While a large number of women have taken advantage
of such opportunities to earn in foreign currencies
for their families, an inordinate proportion of
these go to Japan as “entertainers”,
lured by the call in that market for dancers and
singers. They are what the Philippine government
calls “Overseas Performing Artists”
or OPAs.
Records of the Philippine Overseas Employment
Administration (POEA) show that of late, Japan
has become one of the top five destination countries
of overseas Filipino workers (OFWs). Since 1996,
there has been an increasing trend in the deployment
of OFWs to Japan reaching 77,870 in 2002.

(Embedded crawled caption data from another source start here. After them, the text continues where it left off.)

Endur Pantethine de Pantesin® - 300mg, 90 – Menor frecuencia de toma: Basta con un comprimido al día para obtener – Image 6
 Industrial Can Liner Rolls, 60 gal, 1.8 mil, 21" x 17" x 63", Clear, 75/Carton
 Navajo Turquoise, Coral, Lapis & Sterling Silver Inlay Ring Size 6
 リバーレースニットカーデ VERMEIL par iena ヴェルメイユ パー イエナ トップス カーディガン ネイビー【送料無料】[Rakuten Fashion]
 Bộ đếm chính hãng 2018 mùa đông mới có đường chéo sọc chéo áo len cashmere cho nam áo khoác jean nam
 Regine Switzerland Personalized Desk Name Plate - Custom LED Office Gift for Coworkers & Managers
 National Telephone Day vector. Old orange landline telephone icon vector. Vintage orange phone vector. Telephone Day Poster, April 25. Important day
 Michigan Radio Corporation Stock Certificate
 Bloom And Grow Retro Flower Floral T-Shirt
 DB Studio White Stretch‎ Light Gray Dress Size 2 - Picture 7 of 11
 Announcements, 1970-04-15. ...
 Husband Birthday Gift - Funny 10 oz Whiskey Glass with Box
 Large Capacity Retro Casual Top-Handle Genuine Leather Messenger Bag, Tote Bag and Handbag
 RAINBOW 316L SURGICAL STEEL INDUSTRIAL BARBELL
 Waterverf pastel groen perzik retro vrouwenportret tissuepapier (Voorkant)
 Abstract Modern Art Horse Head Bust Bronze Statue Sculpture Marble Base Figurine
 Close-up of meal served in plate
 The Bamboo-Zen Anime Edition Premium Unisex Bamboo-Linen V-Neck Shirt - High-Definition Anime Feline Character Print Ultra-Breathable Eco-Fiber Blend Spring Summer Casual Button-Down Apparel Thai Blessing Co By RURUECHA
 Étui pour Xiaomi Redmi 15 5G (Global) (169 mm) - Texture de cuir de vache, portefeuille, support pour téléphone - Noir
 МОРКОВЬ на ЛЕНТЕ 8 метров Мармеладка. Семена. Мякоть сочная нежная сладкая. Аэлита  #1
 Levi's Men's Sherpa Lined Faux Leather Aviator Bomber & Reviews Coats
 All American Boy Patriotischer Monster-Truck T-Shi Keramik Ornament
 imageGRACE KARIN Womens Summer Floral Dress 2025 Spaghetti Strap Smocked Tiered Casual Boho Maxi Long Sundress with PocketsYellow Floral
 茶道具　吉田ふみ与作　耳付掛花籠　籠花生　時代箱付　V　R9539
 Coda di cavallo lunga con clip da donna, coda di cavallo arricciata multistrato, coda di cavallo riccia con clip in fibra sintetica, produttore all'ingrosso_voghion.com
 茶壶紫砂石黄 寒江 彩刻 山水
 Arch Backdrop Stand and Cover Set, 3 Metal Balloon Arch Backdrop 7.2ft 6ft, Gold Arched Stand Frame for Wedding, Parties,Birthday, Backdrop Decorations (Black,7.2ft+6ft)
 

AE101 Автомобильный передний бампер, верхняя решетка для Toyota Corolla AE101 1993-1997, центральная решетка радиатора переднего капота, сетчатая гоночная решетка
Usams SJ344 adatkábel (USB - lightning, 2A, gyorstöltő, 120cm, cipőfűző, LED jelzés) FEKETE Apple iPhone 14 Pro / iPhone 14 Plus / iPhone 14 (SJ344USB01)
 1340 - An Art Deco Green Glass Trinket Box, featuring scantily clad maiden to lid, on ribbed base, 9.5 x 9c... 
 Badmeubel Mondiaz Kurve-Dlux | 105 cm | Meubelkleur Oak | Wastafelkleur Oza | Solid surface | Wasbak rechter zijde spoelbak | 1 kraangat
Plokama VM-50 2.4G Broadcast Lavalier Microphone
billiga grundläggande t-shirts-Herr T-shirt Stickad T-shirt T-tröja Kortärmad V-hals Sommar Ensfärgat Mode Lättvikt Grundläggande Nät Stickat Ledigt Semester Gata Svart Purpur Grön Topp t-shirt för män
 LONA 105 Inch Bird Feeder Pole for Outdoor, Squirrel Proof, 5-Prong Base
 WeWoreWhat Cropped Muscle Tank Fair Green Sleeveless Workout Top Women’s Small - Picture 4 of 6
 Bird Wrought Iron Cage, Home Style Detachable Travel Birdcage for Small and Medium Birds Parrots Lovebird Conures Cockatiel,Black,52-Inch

A large percentage of these workers are women
OPAs. In 2002 alone, POEA recorded that out of
the 73,246 OFW deployment to Japan, 69,896 women
went as OPAs.
Although OPAs have been sent to other countries,
the numbers are not as large as those sent to
Japan. Out of 73,685 Filipino OPAs deployed in
2003, only 439 went to work in other countries;
the rest went to work in Japan.
Vulnerability of OPAs
The feminization of migration has brought to
the fore the vulnerability of women migrants to
exploitation and abuse in their work places, especially
the domestic workers and OPAs in Hong Kong, Japan,
Singapore and the Middle East. In 2002, some 1,051
female migrants filed complaints with the National
Labor Relations Commission (NLRC).
With the increase in the numbers of Japan-bound
workers, there has been a notable increase in
OFW remittances from that country. From $157,839
in January to April 2002, remittances from Japan
went up to $197,150 in the same period in 2003,
a 24.91% increase. Filipino migrants in Japan
are now the third largest group of OFWs propping
up the Philippine economy.
In 1991, the controversy surrounding the mysterious
death of Maricris Sioson highlighted the plight
of Filipino women in Japan. Maricris Sioson was
19 years old when she worked as an OPA in a club
in Fukushima, Japan. Like many OPAs, she lived
in a cramped room together with the other entertainers
and was made to go out on dates with her Japanese
customers. She was physically confined and monitored
by her strict Japanese employer who has connections
with the Yakuza. Despite signs of physical abuse
on Maricris’ body, the authorities discounted
the possibility of foul play. No one came out
to share what he or she knew about Maricris’
death.
After Maricris’ death, however, the Philippine
government began a review of its policies and
implemented reforms in its deployment program
to provide a mantle of protection for Filipino
migrant workers.
However, government records show that Filipino
women working in Japan remain unprotected. Many
Filipino OPAs in Japan who are contracted to work
as singers and dancers in performance venues are
subjected to employment contract violations, such
as being forced to do “hostessing”
work, delayed payment/underpayment/non-payment
of wages and overtime pay, non-coverage of workers’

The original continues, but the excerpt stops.